Problem details >> In the records that follow, find each line with the word "Swivel" and copy it.

Items from a data source
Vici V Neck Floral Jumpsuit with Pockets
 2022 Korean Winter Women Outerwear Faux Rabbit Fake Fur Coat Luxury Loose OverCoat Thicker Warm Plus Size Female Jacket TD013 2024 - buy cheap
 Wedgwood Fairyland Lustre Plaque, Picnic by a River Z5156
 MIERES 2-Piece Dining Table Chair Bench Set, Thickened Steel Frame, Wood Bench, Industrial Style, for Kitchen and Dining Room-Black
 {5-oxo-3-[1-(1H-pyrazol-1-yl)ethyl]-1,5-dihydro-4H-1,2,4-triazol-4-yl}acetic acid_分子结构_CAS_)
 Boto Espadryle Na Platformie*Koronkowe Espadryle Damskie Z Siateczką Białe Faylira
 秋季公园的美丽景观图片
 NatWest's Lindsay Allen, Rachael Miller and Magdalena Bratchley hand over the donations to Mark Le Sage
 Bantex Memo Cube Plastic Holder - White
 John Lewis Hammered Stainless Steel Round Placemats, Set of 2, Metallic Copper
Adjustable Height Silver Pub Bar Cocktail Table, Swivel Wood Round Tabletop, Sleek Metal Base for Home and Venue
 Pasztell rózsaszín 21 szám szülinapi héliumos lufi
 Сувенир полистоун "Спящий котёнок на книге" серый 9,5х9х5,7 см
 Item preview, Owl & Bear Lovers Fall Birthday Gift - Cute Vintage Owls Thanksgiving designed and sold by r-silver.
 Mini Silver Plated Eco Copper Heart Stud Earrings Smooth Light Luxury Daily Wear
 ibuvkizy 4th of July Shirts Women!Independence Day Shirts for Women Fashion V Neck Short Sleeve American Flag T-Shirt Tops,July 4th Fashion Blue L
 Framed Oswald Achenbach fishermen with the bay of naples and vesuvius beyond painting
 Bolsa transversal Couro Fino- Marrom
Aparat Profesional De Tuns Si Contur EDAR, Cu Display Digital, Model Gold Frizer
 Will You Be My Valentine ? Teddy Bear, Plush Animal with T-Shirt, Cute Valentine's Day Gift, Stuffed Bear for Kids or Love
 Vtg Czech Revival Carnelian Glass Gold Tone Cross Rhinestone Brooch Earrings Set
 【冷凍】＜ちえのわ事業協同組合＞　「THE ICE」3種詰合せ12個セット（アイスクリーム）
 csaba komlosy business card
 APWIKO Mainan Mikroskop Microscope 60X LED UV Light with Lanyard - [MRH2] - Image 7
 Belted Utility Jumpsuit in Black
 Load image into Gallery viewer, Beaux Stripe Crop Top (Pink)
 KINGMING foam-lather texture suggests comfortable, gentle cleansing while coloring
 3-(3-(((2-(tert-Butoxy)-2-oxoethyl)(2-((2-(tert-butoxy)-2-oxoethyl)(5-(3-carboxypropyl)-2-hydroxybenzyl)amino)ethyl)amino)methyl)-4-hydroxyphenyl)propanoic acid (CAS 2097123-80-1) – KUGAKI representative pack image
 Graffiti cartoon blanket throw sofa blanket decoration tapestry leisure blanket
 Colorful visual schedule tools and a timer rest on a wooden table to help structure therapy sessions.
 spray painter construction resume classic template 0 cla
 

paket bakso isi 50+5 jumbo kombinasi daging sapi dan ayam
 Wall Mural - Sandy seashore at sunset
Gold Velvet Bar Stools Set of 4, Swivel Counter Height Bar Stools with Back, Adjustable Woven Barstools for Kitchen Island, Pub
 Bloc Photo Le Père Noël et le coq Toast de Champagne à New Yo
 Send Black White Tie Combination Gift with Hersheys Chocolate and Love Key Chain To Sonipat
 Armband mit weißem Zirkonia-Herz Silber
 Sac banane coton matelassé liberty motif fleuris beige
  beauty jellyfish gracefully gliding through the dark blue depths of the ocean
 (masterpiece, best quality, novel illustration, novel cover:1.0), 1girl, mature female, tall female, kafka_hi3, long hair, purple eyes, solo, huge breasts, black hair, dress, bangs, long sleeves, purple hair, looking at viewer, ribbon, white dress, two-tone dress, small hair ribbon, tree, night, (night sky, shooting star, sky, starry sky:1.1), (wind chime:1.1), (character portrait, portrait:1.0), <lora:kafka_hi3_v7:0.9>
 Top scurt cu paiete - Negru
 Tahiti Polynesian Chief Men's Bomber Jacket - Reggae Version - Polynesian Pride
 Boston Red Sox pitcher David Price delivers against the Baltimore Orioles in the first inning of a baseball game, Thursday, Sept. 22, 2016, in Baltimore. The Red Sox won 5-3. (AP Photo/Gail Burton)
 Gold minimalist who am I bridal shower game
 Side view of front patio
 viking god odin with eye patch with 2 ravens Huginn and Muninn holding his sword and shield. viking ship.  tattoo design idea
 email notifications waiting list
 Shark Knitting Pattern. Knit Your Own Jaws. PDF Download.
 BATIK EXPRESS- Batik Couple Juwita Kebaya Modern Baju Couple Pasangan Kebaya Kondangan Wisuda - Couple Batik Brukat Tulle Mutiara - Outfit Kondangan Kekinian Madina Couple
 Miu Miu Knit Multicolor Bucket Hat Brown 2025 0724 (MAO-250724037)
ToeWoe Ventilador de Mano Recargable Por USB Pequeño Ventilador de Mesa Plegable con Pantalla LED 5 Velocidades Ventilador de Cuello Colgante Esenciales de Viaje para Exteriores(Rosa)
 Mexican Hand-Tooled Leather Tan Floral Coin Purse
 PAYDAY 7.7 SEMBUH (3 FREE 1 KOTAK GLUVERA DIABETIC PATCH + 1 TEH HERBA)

Answer section >>
Adjustable Height Silver Pub Bar Cocktail Table, Swivel Wood Round Tabletop, Sleek Metal Base for Home and Venue
Gold Velvet Bar Stools Set of 4, Swivel Counter Height Bar Stools with Back, Adjustable Woven Barstools for Kitchen Island, Pub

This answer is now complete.